Te quiero más que a la salvación de mi alma

Te quiero más que a la salvación de mi alma
Catalina en Abismos de pasión de Luis Buñuel

BAYREUTH


Agua y jabón, Marta . Riezu, p.175

Hay una magia específica en Bayreuth. Así como la hechicería de Wagner puede conjurarse en otros teatros o con un buen equipo HiFi en casa, ese microcosmos bávaro reúne elementos irrepetibles: un espacio escénico único, la complicidad de un público culto y un inmovilismo formal innegociable. Ha pasado siglo y pico, y ningún arquitecto se ha atrevido a copiar ese foso que esconde a los músicos y eleva la música. Ante todo, por un pacto de respeto implícito, pero también porque no es fácil copiar lo genial.

Cuando Wagner crea Bayreuth -después de no pocas dificultades, sablazos a Luis II de Baviera incluidos- está invocando la dramaturgia griega. Para esa inmersión de los sentidos hay que despejar el escenario, y nada tiene más potencial de distracción que la orquesta. ¿Cómo encontrarle un nuevo lugar? Aparece el hallazgo: un foso semiabierto entre la escena y la primera fila. Busquen fotos, una sola imagen basta para comprender. Wagner llamará al foso caracoleante «el abismo místico”.

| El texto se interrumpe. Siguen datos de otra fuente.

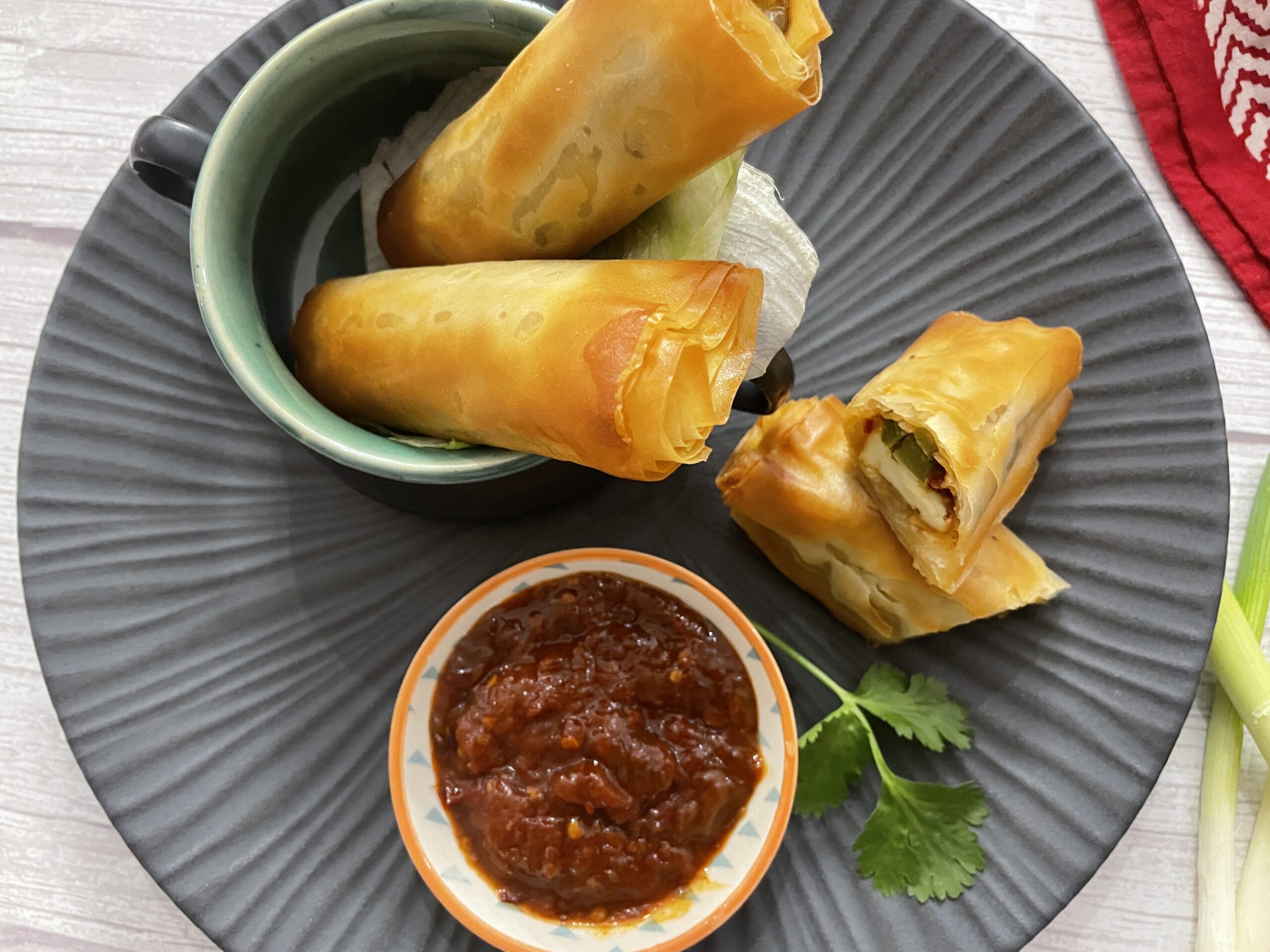 Paneer Firecracker Rolls Recipe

La sobriedad y pequeño tamaño del teatro, construido en materiales económicos -madera, ladrillo, sin telas lujosas – hizo más único su sonido. Del foso emerge la música ensamblada, proyectada hacia el escenario. Las voces de los cantantes no han de superar el muro sinfónico de la orquesta. El conjunto llega en limpia plenitud a los oídos de la sala. Les decía que no he ido nunca, por mucho que me fascine toda esta singularidad. El principal motivo -además de la extrema dificultad de conseguir entradas- es que no sé nada de ópera. Durante ese mes veraniego de representaciones se vive solo para la música. Días y días sentados cuatro horas en sillas plegables de madera duras como el demonio. Sin aire acondicionado, para proteger la voz de los cantantes. Los años de calor insoportable los bomberos mojan la cubierta del edificio. Cuando empieza la obra se cierran las puertas, y no hay pasillo central: no hay modo de huir sin llevarse miradas asesinas. A cambio, otro espectáculo de propina: el público mismo. En los largos entreactos, un señor alto de pelo blanquísimo vestido de smoking piensa en sus cosas frente al busto de Cosima Wagner, parejas elegantes hacen picnics en el césped, alguien lee, viejos amigos se reencuentran. Ni un imbécil a la vista.